First, let's determine the change in moles of gas (Δn). From the balanced equation, we can see that for every 2 moles of H2O, we get 2 moles of H2 and 1 mole of O2. So, Δn = (2 moles of H2 + 1 mole of O2) - (2 moles of H2O).
Now, let's calculate the value of Δn:
Δn = (2 + 1) - 2 = 1
We also need to convert the given increase in volume to moles using the ideal gas law:
PV = nRT
Rearranging the equation, we get:
n = PV / RT
Using the given values, n = (1.00 atm × 42.7 L) / (1.00 L atm/mol K × temperature in Kelvin) = (42.7 L) / (temperature in Kelvin)
Now, we can substitute the values into the equation ΔU = ΔH - ΔnRT:
ΔU = +483.60 kJ/mol - (1 mol × 1.00 L atm/mol K × temperature in Kelvin)
However, we need to convert the units to Joulse (J) because the conversion factor is given as 1 L · atm = 101.3 J.
ΔU = +483.60 kJ/mol - (1 mol × 101.3 J/mol K × temperature in Kelvin)

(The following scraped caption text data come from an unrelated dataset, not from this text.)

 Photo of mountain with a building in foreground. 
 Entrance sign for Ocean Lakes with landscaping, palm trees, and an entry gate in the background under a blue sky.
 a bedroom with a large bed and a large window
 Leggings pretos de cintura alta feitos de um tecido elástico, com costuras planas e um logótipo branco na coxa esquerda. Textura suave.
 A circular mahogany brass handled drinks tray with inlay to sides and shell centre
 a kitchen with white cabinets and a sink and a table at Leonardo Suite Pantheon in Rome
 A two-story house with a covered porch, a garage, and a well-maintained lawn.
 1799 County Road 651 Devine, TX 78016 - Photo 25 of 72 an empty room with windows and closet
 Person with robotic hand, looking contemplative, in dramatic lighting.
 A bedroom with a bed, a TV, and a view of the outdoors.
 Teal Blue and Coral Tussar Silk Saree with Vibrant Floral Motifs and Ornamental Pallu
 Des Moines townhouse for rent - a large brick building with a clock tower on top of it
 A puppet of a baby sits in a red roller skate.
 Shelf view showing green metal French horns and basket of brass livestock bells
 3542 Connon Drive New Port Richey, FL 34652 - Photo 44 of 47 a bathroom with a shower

Finally, we have the expression for ΔU in terms of the temperature:
ΔU = +483.60 kJ/mol - 101.3 J/mol K × temperature in Kelvin
Simplifying further, we convert kJ to J:
ΔU = 483,600 J/mol - 101.3 J/mol K × temperature in Kelvin
Please note that the final answer will depend on the temperature provided.
du = dq + dw
du = +483.6 KJ/Mol + 42.7 L * 1*10^5
The above by Cameron is correct EXCEPT the dw portion.
In L*atm that is 42.7 L x 1 atm. Convert that to J by 42.7 x 1 x 101.3 = dW.